Fiber Reinforced Concrete | PDF | PPT | Seminar Report

Abstract Fiber Reinforced Concrete | PDF | PPT | Seminar Report
Fiber-reinforced concrete (FRC) is concrete containing a hydraulic cement, water, fine or fine and coarse aggregate, fibrous material which increases its structural integrity. To improve greater impact, abrasion, and shatter–resistance in concrete, fibers of various shapes and sizes derived from steel, acrylic asbestons, glass, xylon, polyester, polyethylene, polypropylene, rayon, rock wool and natural materials are being used. Among which steel fiber is the most commonly used of all the fibers for most structural and nonstructural purposes. Fiber-reinforced concrete is considered to be a material of improved properties and not as reinforced cement concrete whereas reinforcement is provided for the local strengthening of concrete in tension region. Fibers generally used in cement concrete pavements are steel fibers and organic polymer fibers such as polyester or polypropylene.  
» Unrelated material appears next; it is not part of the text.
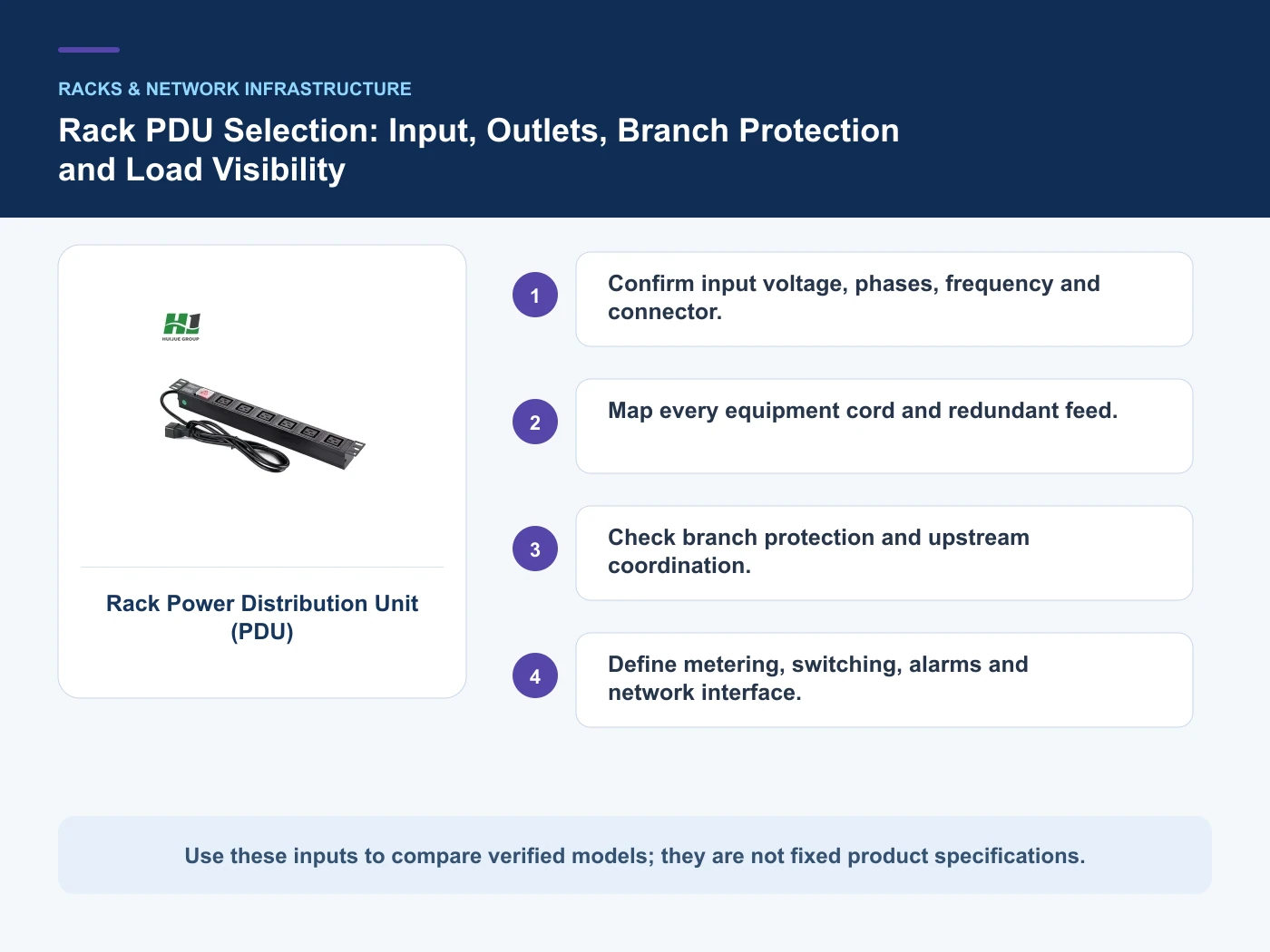 Decision inputs for rack PDU selection with Rack Power Distribution Unit (PDU)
The seminar report and PPT on Fiber Reinforced Concrete explain the amount of fibers added to a concrete mix is expressed as a percentage of the total volume of the composite (concrete and fibers), termed "volume fraction" (Vf). Vf typically ranges from 0.1 to 3%. Fiber-reinforced concrete is generally made with a high cement content and low water/cement ratio. When well compacted and cured, concretes containing steel fibers seem to possess excellent durability as long as fibers remain protected by cement paste. Ordinary glass fiber cannot be used in Portland cement mortars and concretes because of the chemical attack by the alkaline cement paste.